The film has also had a lot of buzz around it, so this has been one of my more-anticipated films in a while. I sat down excited and optimistic!
The story is simple; James, the brother of Heather Donahue from the original film, sets out to find his sister in the Black Hills Forest, where she famously disappeared. His friends Lisa, Ashley, and Peter come along to document the search and we’re off and running.
The film is a fun enough ride, but the filmmakers involved here have picked up on what I ranted about recently – that audiences aren’t interested in original ideas. So, Blair Witch gives audiences much of the same of what we got in The Blair Witch Project. Now, to be fair, this makes a lot of narrative sense. The characters are in the same place and dealing with the same entity as the original group, so they should naturally share some of the same experiences. So, had I been writing this film, I would have taken that same approach.
The problem therein is that audiences have been desensitized to these specific events over the last seventeen years. So, while it’s logical from a storyline perspective, much of the scare factor is lost for those who are intimately familiar with the first film.
As the film progresses, this is somewhat counterbalanced with some fresh ideas that are brought along by further insight into the lore as well as newer technology that the group has access to when compared to their predecessors. The climax is longer and more satisfying than that of the first film, though it also covers some familiar ground. Most will probably be entertained by it, though.
What I wanted as much of anything from this film was further expansion of the mythology. I just mentioned that there is more insight into the Blair Witch, herself, and that’s true. But it’s very minimal. I have no problem with sequels. And I have no problem with getting more of the same from a sequel. After all, we want sequels to feature the things we liked so much about the films that came before them. But a sequel should only come along if it’s able to add significantly to the universe it inhabits and become a worthy companion piece to whatever preceded it. We get very little – some – but very little of that in Blair Witch, so I can’t help but wonder what compelled them to move forward with the film in the first place
Besides that, I also had a very hard time making out what was happening. Found footage films, as I said, work well for horror. But there needs to be a balance between maintaining that illusion and communicating the story to the audience. The Paranormal Activity series conquered this issue brilliantly. But in this film, there are frequent occasions in which we hear a loud noise, see a camera jerk, and then there’s screaming and running, with no information provided regarding what the characters see or what motivates them to react the way that they do. At points, characters even suddenly die and I still don’t know exactly what happened to them.
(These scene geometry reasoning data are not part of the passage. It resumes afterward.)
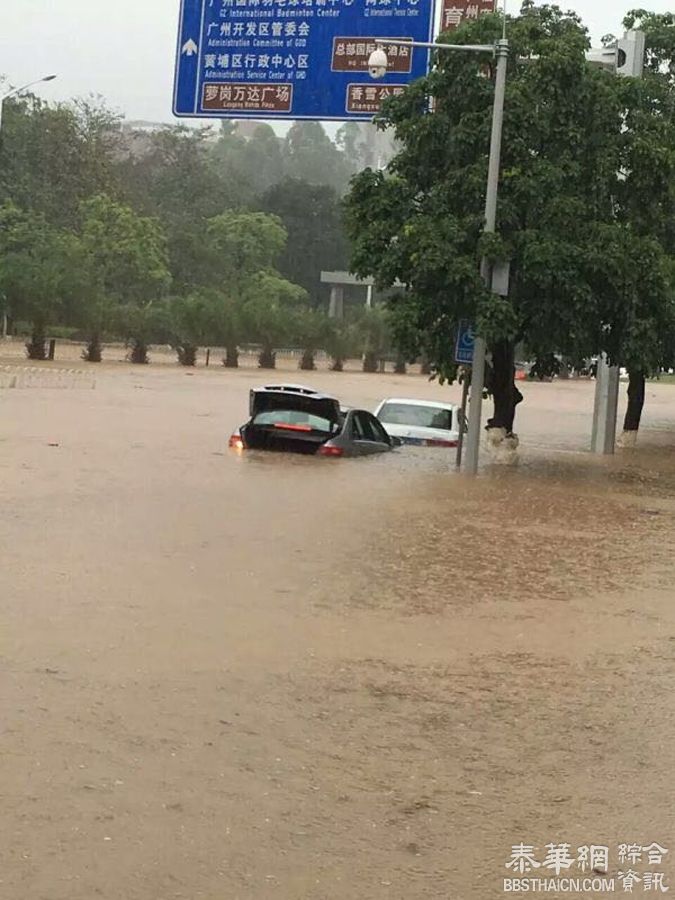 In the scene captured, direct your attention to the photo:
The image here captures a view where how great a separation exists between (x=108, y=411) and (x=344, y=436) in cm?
1109

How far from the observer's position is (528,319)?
779 inches

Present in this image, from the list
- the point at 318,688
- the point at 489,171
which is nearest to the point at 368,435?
the point at 489,171

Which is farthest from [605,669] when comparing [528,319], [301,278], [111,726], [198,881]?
[301,278]

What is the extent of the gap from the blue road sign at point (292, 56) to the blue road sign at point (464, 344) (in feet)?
11.5

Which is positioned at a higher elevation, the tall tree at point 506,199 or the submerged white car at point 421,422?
the tall tree at point 506,199

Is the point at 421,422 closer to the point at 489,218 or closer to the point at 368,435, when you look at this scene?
the point at 368,435

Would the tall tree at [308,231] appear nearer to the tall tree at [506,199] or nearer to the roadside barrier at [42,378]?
the roadside barrier at [42,378]

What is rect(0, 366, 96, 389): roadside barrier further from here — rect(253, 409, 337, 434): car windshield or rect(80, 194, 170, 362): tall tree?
rect(80, 194, 170, 362): tall tree

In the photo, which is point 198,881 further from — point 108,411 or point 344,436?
point 108,411

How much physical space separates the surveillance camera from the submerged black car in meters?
4.62

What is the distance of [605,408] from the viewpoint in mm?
24984

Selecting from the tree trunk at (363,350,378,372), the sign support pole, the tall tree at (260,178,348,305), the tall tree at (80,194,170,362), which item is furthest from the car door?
the tall tree at (260,178,348,305)

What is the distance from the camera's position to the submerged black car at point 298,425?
59.1ft

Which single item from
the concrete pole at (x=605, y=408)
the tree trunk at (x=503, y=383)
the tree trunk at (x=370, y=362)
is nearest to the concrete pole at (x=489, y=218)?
the tree trunk at (x=503, y=383) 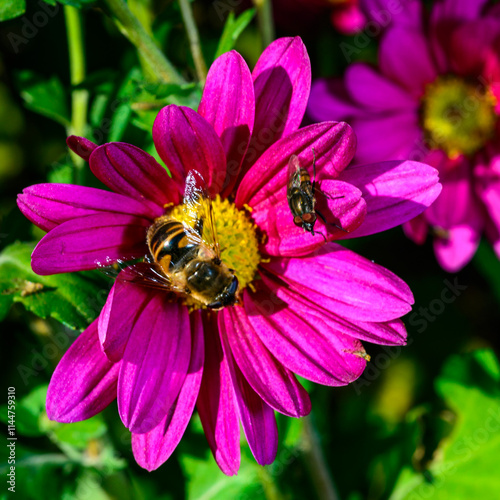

Blair Witch is not a “bad” movie, but I walked away feeling underwhelmed. I actually think it might be a more effective experience for people who are less familiar with the original The Blair Witch Project. For them, it will be all uncharted territory and hit them with thrills that are completely foreign. For longtime fans, I think it might be hit-and-miss. It feels like a Blair Witch movie, but it feels a little too much like a remake and not enough like a sequel. I want to walk away from a sequel feeling like I learned something new. About any aspect of the world, at all. I didn’t get that, here. So, while it’s an okay film, and will probably scare the daylights out of some of the uninitiated, and while I definitely applaud the marketing department, I’m not entirely sure why Blair Witch exists.